This post is devoted to Pólya urns, probably the simplest stochastic model of reinforcement. At time \( {n=0} \), we prepare an urn containing \( {a>0} \) azure balls and \( {b>0} \) black balls. To produce the configuration of the urn at time \( {n=1} \), we draw at random a ball in the urn, and then we replace this ball in the urn together with a new ball of the same color. We repeat this mechanism independently to produce the configuration of the urn at any time \( {n\in\mathbb{N}} \).

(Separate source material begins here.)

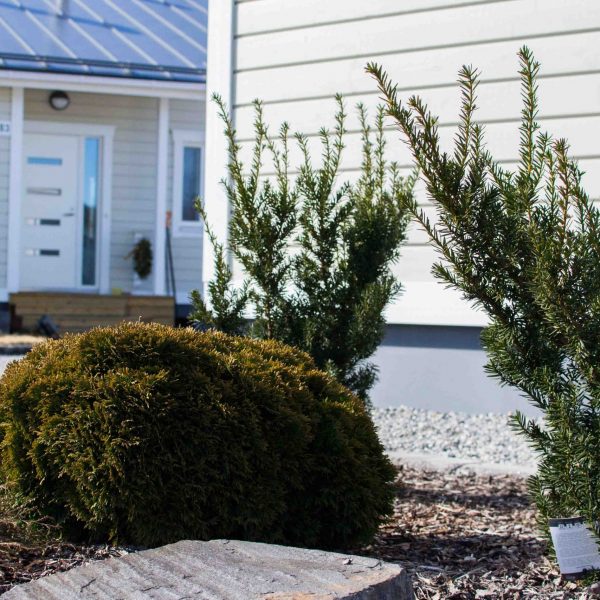 Trädgårdsplanering Ekorrvägen parhus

Let \( {M_n\in[0,1]} \) be the proportion of azure balls in the urn at time \( {n\in\mathbb{N}} \). At time \( {n\in\mathbb{N}} \), the urn contains \( {a+b+n} \) balls, and \( {(a+b+n)M_n} \) azure balls. Conditional on \( {M_n} \), an azure ball is added to the urn at time \( {n+1} \) with probability \( {M_n} \). Hence
\[ M_0=\frac{a}{a+b} \quad\text{and}\quad M_{n+1}=\frac{(a+b+n)M_n+\mathbf{1}_{\{U_{n+1}\leq M_n\}}}{a+b+n+1} \]
where \( {{(U_n)}_{n\geq1}} \) are iid uniform random variables on \( {[0,1]} \), and the event \( {\{U_{n+1}\leq M_n\}} \) corresponds to add an azure ball. The stochastic recursive sequence \( {{(M_n)}_{n\geq0}} \) is a non-homogeneous Markov chain with state space \( {[0,1]} \), and also a martingale.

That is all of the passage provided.